» **Directions**
From the entries below, retype only the lines from the one with "Gallery image thumbnail" through the one with "17, Havacre Lane, Bilston photo 3", exactly as written.

[Dataset entries]

⟨

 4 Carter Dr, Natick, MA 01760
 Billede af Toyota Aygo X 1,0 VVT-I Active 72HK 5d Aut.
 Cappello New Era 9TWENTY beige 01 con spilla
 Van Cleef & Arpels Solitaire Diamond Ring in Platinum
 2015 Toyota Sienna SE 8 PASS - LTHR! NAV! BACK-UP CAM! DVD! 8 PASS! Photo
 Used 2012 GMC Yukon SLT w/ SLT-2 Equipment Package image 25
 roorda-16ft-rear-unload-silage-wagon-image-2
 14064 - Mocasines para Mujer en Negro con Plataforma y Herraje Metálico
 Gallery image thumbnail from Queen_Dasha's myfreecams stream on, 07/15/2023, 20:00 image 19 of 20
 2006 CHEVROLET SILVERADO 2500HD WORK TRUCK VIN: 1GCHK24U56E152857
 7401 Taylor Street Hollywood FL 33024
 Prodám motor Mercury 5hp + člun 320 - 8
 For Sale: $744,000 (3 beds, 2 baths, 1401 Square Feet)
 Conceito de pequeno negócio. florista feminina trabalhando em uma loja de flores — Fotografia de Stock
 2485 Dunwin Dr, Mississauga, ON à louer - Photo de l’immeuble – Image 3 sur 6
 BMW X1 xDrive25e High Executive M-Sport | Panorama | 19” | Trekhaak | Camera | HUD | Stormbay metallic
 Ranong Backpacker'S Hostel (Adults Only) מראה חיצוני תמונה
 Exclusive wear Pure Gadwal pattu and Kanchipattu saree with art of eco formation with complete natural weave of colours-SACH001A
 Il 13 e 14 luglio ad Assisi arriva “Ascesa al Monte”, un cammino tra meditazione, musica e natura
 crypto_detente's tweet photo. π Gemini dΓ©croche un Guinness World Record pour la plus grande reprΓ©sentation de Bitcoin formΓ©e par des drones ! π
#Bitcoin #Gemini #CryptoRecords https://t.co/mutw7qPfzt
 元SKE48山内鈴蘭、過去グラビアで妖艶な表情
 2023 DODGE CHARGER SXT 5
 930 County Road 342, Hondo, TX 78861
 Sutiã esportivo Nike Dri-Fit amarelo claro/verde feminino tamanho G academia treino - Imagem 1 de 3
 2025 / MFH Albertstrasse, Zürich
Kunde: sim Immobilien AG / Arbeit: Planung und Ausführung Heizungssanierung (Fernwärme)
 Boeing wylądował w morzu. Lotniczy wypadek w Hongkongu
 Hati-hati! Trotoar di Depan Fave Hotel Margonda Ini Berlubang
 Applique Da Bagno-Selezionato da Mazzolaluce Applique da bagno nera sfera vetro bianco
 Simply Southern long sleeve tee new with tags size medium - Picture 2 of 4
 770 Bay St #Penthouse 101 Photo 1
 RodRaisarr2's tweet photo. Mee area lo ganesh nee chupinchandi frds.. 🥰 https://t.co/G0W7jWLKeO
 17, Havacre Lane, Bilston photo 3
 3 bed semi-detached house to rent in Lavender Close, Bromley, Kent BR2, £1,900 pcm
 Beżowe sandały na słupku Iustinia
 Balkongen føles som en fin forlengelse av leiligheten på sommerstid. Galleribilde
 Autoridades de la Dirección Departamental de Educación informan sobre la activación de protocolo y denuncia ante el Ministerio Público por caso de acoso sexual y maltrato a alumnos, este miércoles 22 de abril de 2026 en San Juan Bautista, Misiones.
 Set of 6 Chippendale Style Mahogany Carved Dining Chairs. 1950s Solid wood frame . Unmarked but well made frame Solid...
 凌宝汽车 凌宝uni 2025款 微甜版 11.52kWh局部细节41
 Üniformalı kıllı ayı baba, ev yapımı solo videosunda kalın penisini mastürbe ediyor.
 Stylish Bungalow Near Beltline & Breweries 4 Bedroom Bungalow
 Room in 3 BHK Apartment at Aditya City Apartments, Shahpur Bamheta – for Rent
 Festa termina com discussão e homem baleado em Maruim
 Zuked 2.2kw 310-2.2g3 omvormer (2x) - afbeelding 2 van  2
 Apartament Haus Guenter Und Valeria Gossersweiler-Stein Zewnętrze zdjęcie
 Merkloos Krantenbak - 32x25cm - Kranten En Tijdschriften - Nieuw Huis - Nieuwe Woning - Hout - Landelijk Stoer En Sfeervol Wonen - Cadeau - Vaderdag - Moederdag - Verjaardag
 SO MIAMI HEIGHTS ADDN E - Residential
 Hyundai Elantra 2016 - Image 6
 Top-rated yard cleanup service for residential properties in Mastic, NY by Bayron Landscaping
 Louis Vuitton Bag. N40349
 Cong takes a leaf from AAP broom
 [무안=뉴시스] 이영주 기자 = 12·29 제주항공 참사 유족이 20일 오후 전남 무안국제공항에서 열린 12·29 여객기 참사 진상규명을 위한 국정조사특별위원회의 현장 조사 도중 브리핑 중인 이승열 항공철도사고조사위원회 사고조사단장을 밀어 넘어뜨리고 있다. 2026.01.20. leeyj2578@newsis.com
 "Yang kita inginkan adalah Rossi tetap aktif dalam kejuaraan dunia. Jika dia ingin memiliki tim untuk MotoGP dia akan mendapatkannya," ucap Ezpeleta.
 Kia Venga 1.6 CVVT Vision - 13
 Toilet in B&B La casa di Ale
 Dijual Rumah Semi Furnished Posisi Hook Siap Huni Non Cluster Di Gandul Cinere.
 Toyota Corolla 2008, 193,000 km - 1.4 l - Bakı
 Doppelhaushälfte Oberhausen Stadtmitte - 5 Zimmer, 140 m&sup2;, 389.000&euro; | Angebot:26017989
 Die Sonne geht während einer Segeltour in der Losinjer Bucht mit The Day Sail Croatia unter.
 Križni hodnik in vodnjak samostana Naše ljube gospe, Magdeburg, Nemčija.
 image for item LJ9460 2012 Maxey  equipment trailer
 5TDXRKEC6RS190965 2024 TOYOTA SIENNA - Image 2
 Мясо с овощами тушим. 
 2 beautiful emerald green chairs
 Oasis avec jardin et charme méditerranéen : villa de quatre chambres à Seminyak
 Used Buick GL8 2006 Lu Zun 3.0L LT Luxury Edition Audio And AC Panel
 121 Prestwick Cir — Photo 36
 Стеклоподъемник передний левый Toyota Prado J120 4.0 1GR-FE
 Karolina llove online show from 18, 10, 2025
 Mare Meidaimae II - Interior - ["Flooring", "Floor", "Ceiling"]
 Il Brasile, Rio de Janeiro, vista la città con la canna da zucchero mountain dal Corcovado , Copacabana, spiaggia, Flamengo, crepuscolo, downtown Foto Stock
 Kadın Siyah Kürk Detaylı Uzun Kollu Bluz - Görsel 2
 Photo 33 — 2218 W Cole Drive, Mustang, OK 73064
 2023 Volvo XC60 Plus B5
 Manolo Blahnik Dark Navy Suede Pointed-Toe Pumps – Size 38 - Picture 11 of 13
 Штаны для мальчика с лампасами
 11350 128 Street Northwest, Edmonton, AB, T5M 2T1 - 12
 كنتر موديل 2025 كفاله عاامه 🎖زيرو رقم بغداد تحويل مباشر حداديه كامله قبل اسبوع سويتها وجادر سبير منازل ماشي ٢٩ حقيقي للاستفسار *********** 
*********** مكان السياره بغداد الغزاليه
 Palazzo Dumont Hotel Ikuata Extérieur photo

⟩

» **Your solution**
 Gallery image thumbnail from Queen_Dasha's myfreecams stream on, 07/15/2023, 20:00 image 19 of 20
 2006 CHEVROLET SILVERADO 2500HD WORK TRUCK VIN: 1GCHK24U56E152857
 7401 Taylor Street Hollywood FL 33024
 Prodám motor Mercury 5hp + člun 320 - 8
 For Sale: $744,000 (3 beds, 2 baths, 1401 Square Feet)
 Conceito de pequeno negócio. florista feminina trabalhando em uma loja de flores — Fotografia de Stock
 2485 Dunwin Dr, Mississauga, ON à louer - Photo de l’immeuble – Image 3 sur 6
 BMW X1 xDrive25e High Executive M-Sport | Panorama | 19” | Trekhaak | Camera | HUD | Stormbay metallic
 Ranong Backpacker'S Hostel (Adults Only) מראה חיצוני תמונה
 Exclusive wear Pure Gadwal pattu and Kanchipattu saree with art of eco formation with complete natural weave of colours-SACH001A
 Il 13 e 14 luglio ad Assisi arriva “Ascesa al Monte”, un cammino tra meditazione, musica e natura
 crypto_detente's tweet photo. π Gemini dΓ©croche un Guinness World Record pour la plus grande reprΓ©sentation de Bitcoin formΓ©e par des drones ! π
#Bitcoin #Gemini #CryptoRecords https://t.co/mutw7qPfzt
 元SKE48山内鈴蘭、過去グラビアで妖艶な表情
 2023 DODGE CHARGER SXT 5
 930 County Road 342, Hondo, TX 78861
 Sutiã esportivo Nike Dri-Fit amarelo claro/verde feminino tamanho G academia treino - Imagem 1 de 3
 2025 / MFH Albertstrasse, Zürich
Kunde: sim Immobilien AG / Arbeit: Planung und Ausführung Heizungssanierung (Fernwärme)
 Boeing wylądował w morzu. Lotniczy wypadek w Hongkongu
 Hati-hati! Trotoar di Depan Fave Hotel Margonda Ini Berlubang
 Applique Da Bagno-Selezionato da Mazzolaluce Applique da bagno nera sfera vetro bianco
 Simply Southern long sleeve tee new with tags size medium - Picture 2 of 4
 770 Bay St #Penthouse 101 Photo 1
 RodRaisarr2's tweet photo. Mee area lo ganesh nee chupinchandi frds.. 🥰 https://t.co/G0W7jWLKeO
 17, Havacre Lane, Bilston photo 3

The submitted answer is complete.